Serienmörder, besessen von Jungfräulichkeit, soll 32 junge Mädchen mit der Hilfe seiner Frau getötet haben

Ein produktiver französischer Vergewaltiger und Serienmörder, von dem angenommen wird, dass er über einen Zeitraum von 20 Jahren 32 junge Mädchen ermordet hat, soll dies nun mit Hilfe seiner Frau getan haben. Michel Fourniret, jetzt 78, hat gestanden, zwischen 1987 und 2003 12 Mädchen und junge Frauen sexuell angegriffen und getötet zu haben, wobei die Polizei ihn verdächtigte, hinter dem Tod von 20 weiteren zu stecken. Was diese Geschichte jedoch noch beunruhigender macht, ist, dass Fournirets dritte Frau, Monique Olivier, ihm dabei geholfen hat.

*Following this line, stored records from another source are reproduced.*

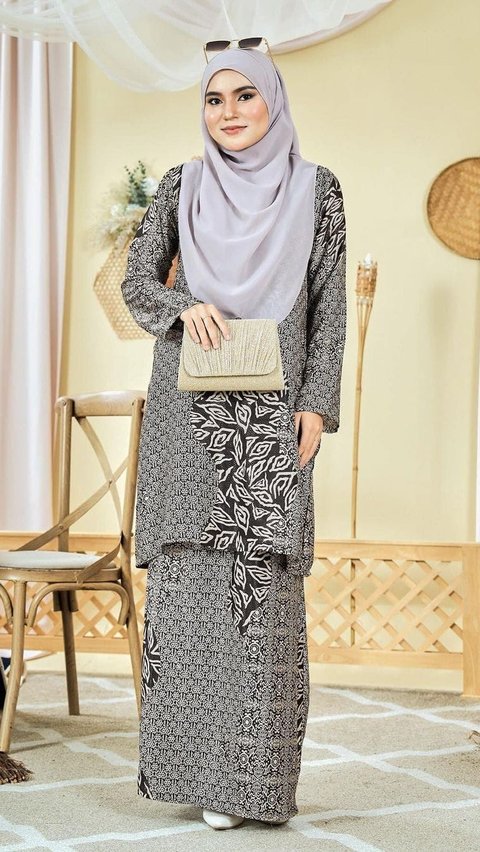 Baju Kurung Melayu dengan Paduan Motif Batik yang Terkesan Formal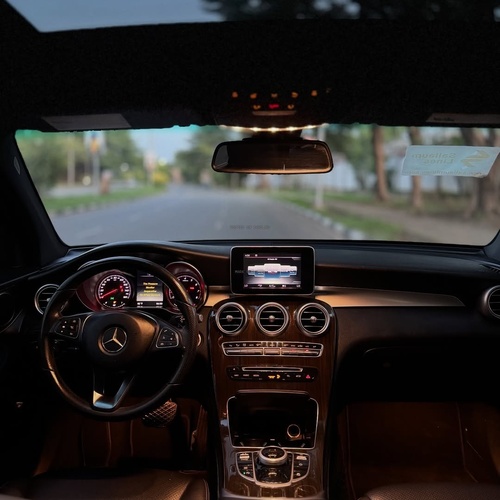 2019 MERCEDES-BENZ GLC300 – FOREIGN USED | EXECUTIVE LUXURY SUV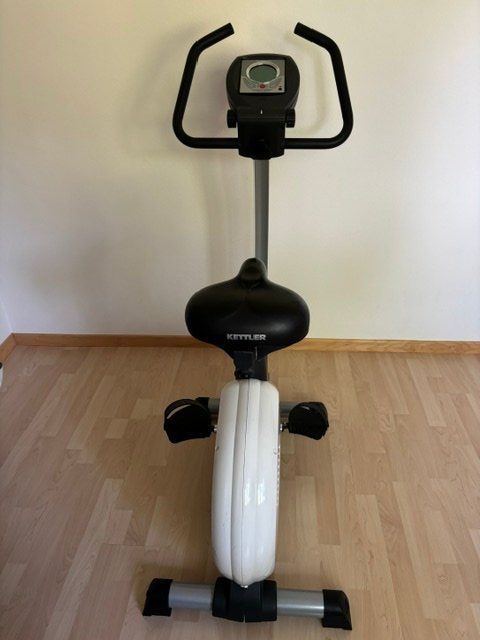 Kettler Hometrainer: Kettler Royal SE Heimtrainer – Usato da Dübendorf venduto da ZZ21 3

Olivier verliebte sich in Fourniret, als er bereits im Gefängnis war. Fourniret verbüßte bereits in den 1980er Jahren eine Haftstrafe wegen sexueller Übergriffe und Vergewaltigungen von Minderjährigen, als Olivier ihm schrieb und das Paar Brieffreunde wurde. Das Paar schien viel gemeinsam zu haben, zumindest in Bezug auf ihre kranken Fantasien, und sie machten bald einen schrecklichen Deal.

Als Gegenleistung für die Ermordung ihres ersten Mannes bot Olivier im Gegenzug etwas Wichtiges an. Sie versprach Fourniret, dass sie ihm helfen würde, Jungfrauen zu finden, mit denen er seine kranken Fantasien ausleben konnte, wenn er seine Strafe verbüßt ​​hatte. Leider und ärgerlich scheint genau das passiert zu sein.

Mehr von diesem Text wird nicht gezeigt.